From: Cottrell, Eric (ecottrell_at_doble.com)
Date: Wed Sep 11 2002 - 15:13:36 EDT
Hello,
I second that. Most of my computers have SCSI and I use an Adaptec 1460
card
for the laptops. Besides CD-ROM drives you can use real tape drives as
well.
If you look closely at the windows solutions for system recovery they seem
to still depend on DOS for saving off the important files. I suppose
windows
tends to get in the way. The fine print usually says you can not use a USB
or
Firewire drive for creating a recovery CD. The reason is no DOS drivers for
USB or Firewire. SCSI is old enough to have DOS drivers. I even remember
when you could only get SCSI CD-Rom Drives. Now it seems most stuff is IDE,
USB, or Firewire. I recently got an old Powermac where the only drive I/O
method is SCSI (CD-ROM, Hard Disk).
73 Eric ecottrell_at_doble.com WB1HBU
-----Original Message-----
From: Francis Auquier [mailto:francis.auquier_at_aqcis.com]
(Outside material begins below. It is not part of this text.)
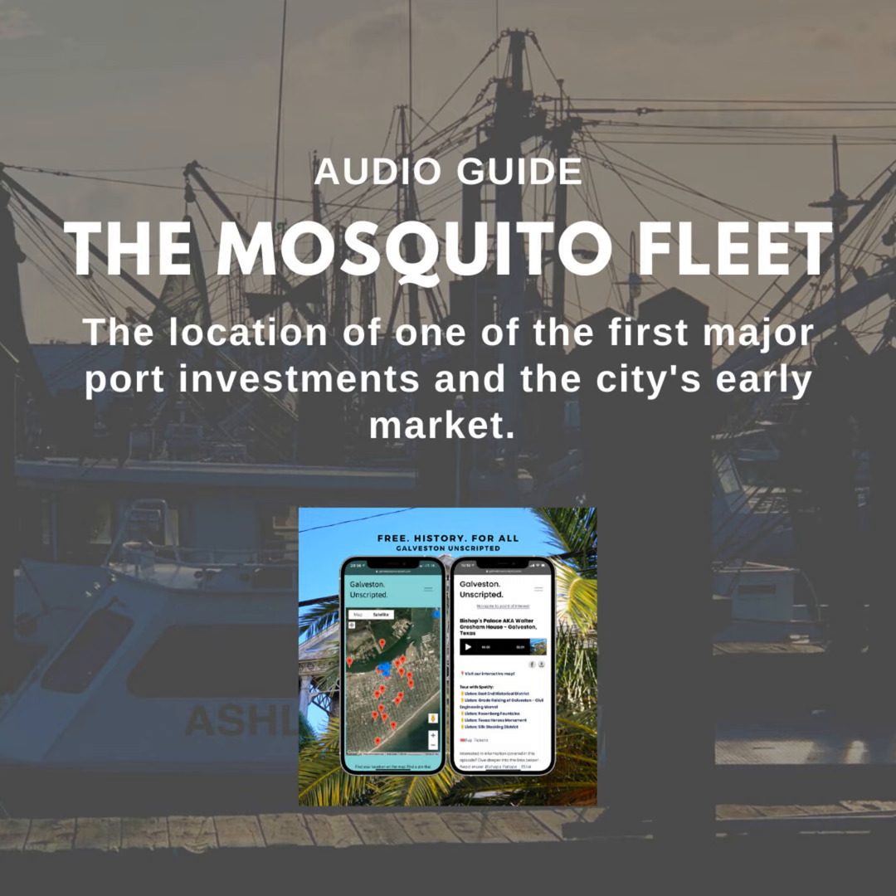Today's Mosquito Fleet ties together Galveston's early market and the naming of Market Street, the Battle of Galveston during the Civil War, and Coons Wharf, a major pier for trade at the Port of Galveston. Be sure to take a close look at some of those shrimp boats — if you've ever eaten shrimp in Galveston, chances are high they came from one of them. For historic resources or more information, check out the episode description.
Sent: Wednesday, September 11, 2002 2:45 AM
To: 'Edward Mendelson'; thinkpad_at_cs.utk.edu
Subject: RE: [TP 750] PCMCIA CD-ROM drive recommendation?
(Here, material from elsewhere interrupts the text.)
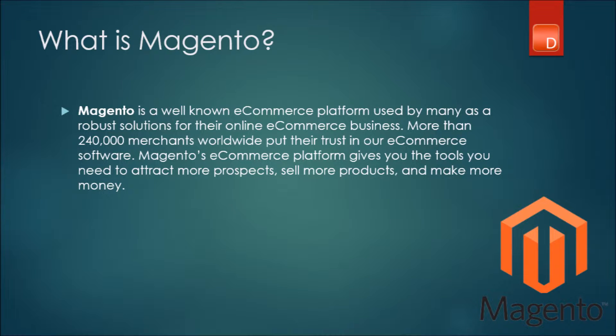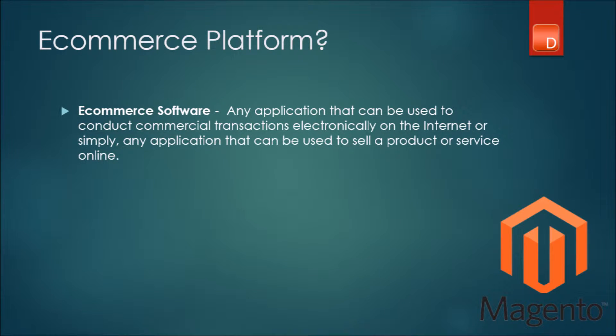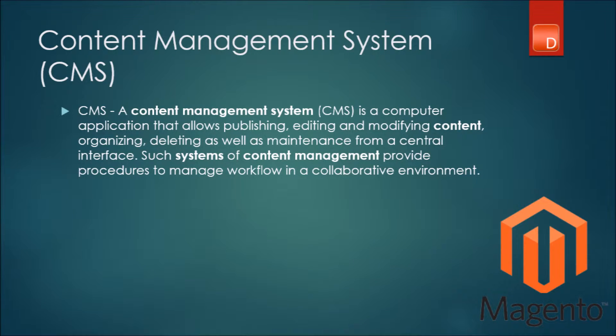What do I mean by this? There are two things that I mentioned earlier. First, it's an e-commerce software — any application that can be used to sell a product or a service and collect payments online can be classified as an e-commerce software. Secondly, I did mention it was a CMS. A CMS, or content management system, is any application that can be used to manage all of your content from one central location.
With my TP 750C, I used to use an external SCSI CD-ROM drive (8x) (by
LaCie/Electronique d2) attached to a PCMCIA SCSI controller card (under
Windows 95), for which I had drivers for DOS too.
The SCSI solution is a good investment since you can use your external drive
with any other system equipped with a SCSI controller card (BTW, I still use
this external SCSI CD-ROM drive on my current desktop), and SCSI gives
better performance than a parallel solution.